It reset itself the next day, but it really opened my eyes to the power they have slowly obtained over my life.
It took about 5 minutes to get past the (Google) captcha.
First I clicked that I'm not a robot, but then it gave me the photos of doom. After clicking all the right pictures of a bus, say, then I had to wait while they fade out and fade in new ones rather slowly. There were about 5 rounds of selecting. Then it would pick another noun and ask for that. After a few nouns of a number of rounds each, it cycled back to the first noun. A doubly-nested loop of time-delayed captchas!
Thankfully it wasn't important.
But it makes me appreciate how someone getting locked out of their own Gmail or Google Docs must feel.
Needed to do your job today? Tough luck, better luck tomorrow maybe.
I suspect that if you have a machine that is less likely to be fingerprinted uniquely, you have to solve more captcha. In this case, I happened to be using Firefox on Linux with a few privacy related addons running. If they believe you are a bot, because you're not watching their ads, or because you are running a privacy enhanced environment, I suspect their algorithms will slow you down.
It would be interesting to prove this hypothesis. I wonder if you browse with Windows + Chrome + No Ad Blockers, if you get right through the captchas vs. if you use Linux + Firefox + Ad block or maybe even the Tor browser.
(Alternative hypothesis: If you solve a captcha correctly, they intentionally give you a few more, to get more good data for their AI algos.)
I was recently developing a web frontend that had a captcha implementation on the login form. The first couple times I solved the captcha there was no problem. Then once it got to fourth and fifth one it started making me solve a few of captcha pages in a row. Eventually it was forcing me to solve several pages of "Select the picture of the fire hydrant" over and over, often marking it as incorrect when it definitely wasn't, and then restarting back from the beginning so each run-through took multiple minutes forcing you to solve dozens of captcha pages before accepting it as correct.
So, to add to your hypothesis, they're probably doing this intentionally not only to get more data for their AI algos, but also to mitigate people training bots on CAPTCHAs.
EDIT: Also the fact that you're being downvoted is baffling to me but my tinfoil hat persona makes me wonder if it's some orchestrated downvote because you're pointing out a hypothesis that Google is trying to keep hidden.
The fact stands that google locked me away from my documents and intentionally undermined my ability to understand what had happened or rectify the situation.
Collateral damage is still damage.
It also might just be a broken integration with recaptcha.
If you select the unknowns as well as all of the known answers (and don't select the wrong answers) they can train their AI robots that the extras you selected are also a part of the "has traffic lights" dataset
Sometimes I use one of these operators by mistake and get instantaneously hellbanned from using google. The first time the captchas kept reappearing a whole day. I read somewhere that the ban is resetted the next day, but the next day I was still getting the captchas and couldn't use google for anything.
I deleted all cookies and suddenly I wasn't banned anymore. So this looks to me like a captcha bug, or a chrome bug, or both. Probably both.

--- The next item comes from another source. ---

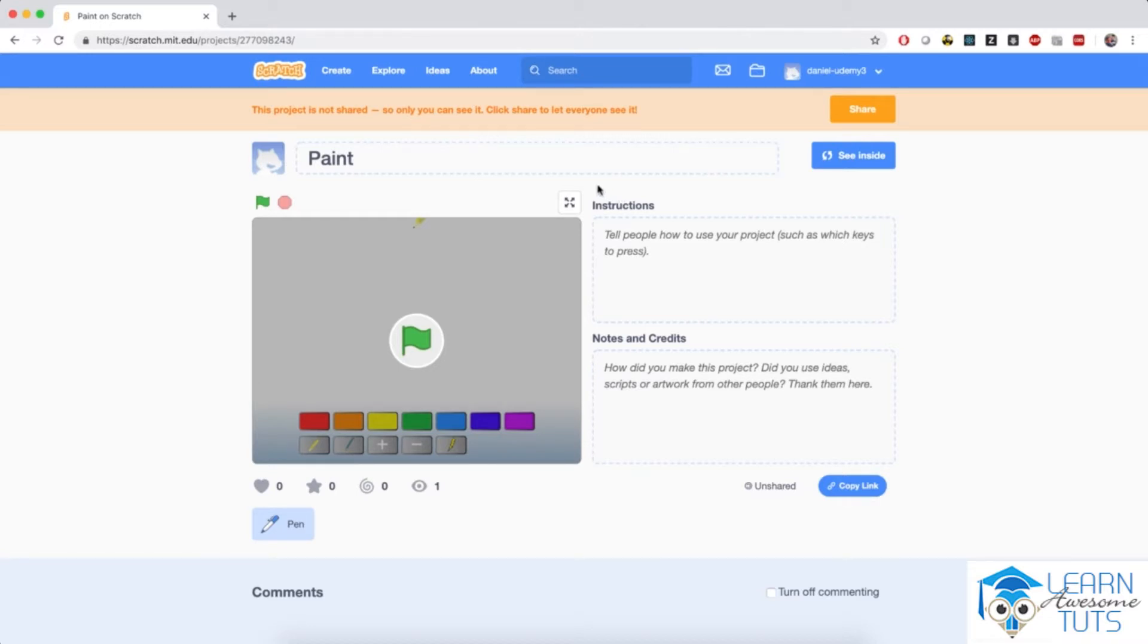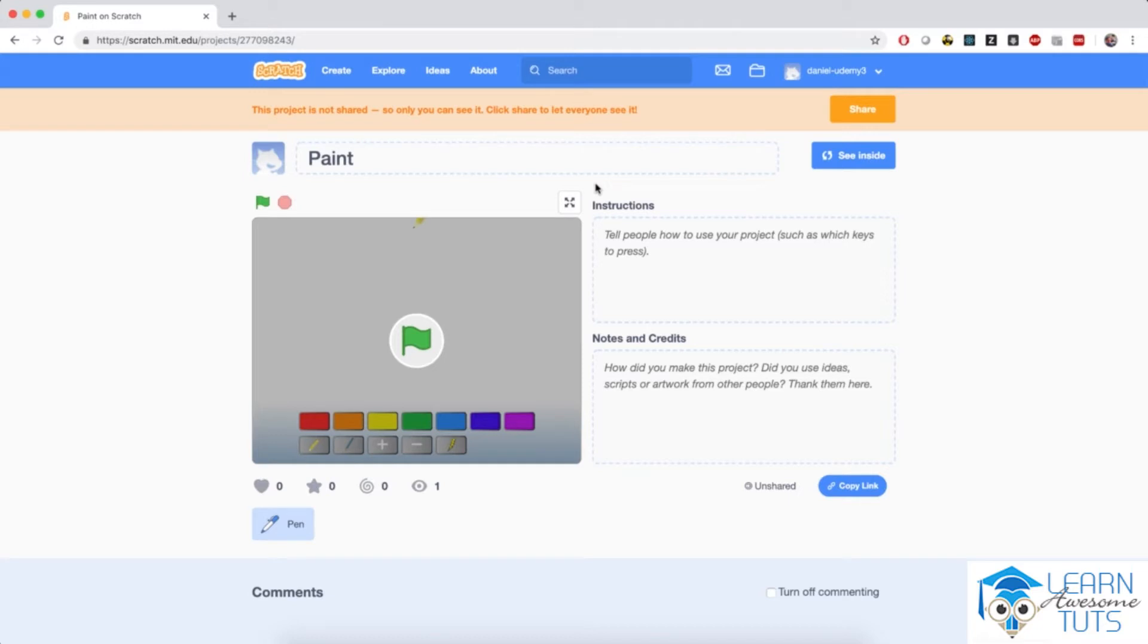I love this kind of stuff. I used to draw and paint all the time and right now it's very easy to program one of these applications for ourselves and you will learn how to do it in this chapter. So let me show you how this works.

There are many other search engines as well as other ways to access the google index.
Assuming it's traditional Google search from your ISP, there other alternatives such as using startpage.com or Tor.

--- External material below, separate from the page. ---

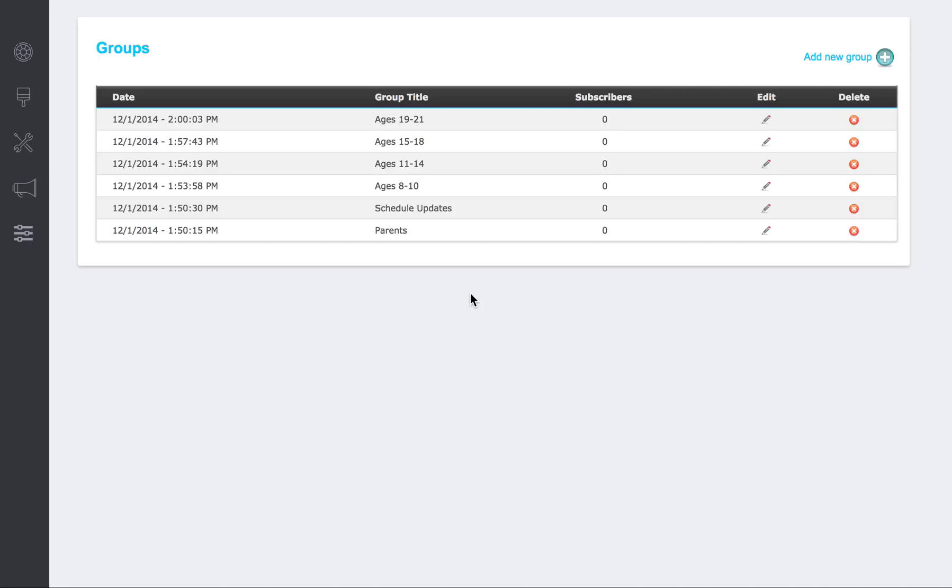Like I said, when they first download the app, it will give them the screen to select their preferences or subscription channels. So that kind of keeps them engaged in that way.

Its a perfect example of passive aggressive dysfunctionality when it comes to big tech.
I can dictate an email to my phone or search videos based on the semantic interpretation of their automated audio transcriptions (yes I've noticed Youtube will sometimes do this) but I can't search for some unpopular technical term because I'm obviously a bot if I do this. Thanks for correcting me Google, of course I meant to search about "laser hair removal", not "laser air breakdown".
Spam detection algorithms usually have a training set. One of the features could have been "uses_feature_x", which, according to the training set, is known to have a high probability of being a spam bot (because humans rarely use those features)

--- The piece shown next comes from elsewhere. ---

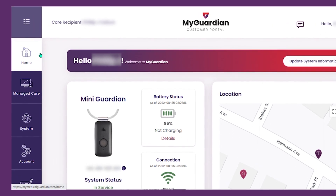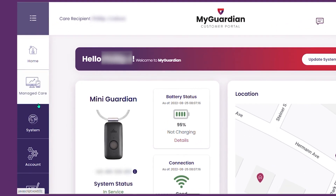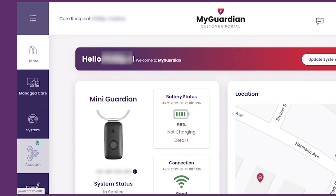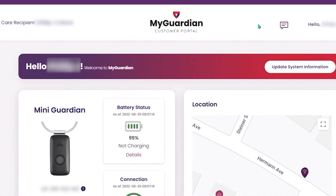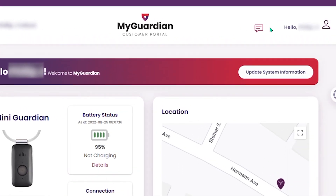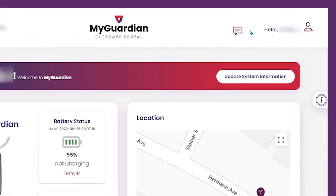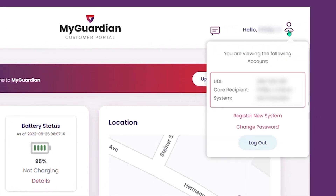On the left-hand side, you will see a navigation menu. At the top right-hand corner, click this to see chat history. Click this to register a new device, change your password, or log out.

Power users are the ones who know how things work; they are difficult to manipulate and mislead, will use their knowledge to consume content in the way they want (blocking ads, stripping DRM, rooting devices, etc.), and are in general not docile and "obedient".
In summary: power users know how to control their destiny, and this is something companies like Google are opposed to, because those companies want to be the ones in control.
Why is everyone so actively opposed to power users? I blame tbe field of UX that
- instead of working to improve products so that ordinary people can achieve more
- always decides to work on dumbing down the products so "everyone" can use them.
World of Warcraft became more and more accessible over time, and eventually reached a point where it was so accessible that no one wanted to play it since it wasn't fun and there was nothing to achieve.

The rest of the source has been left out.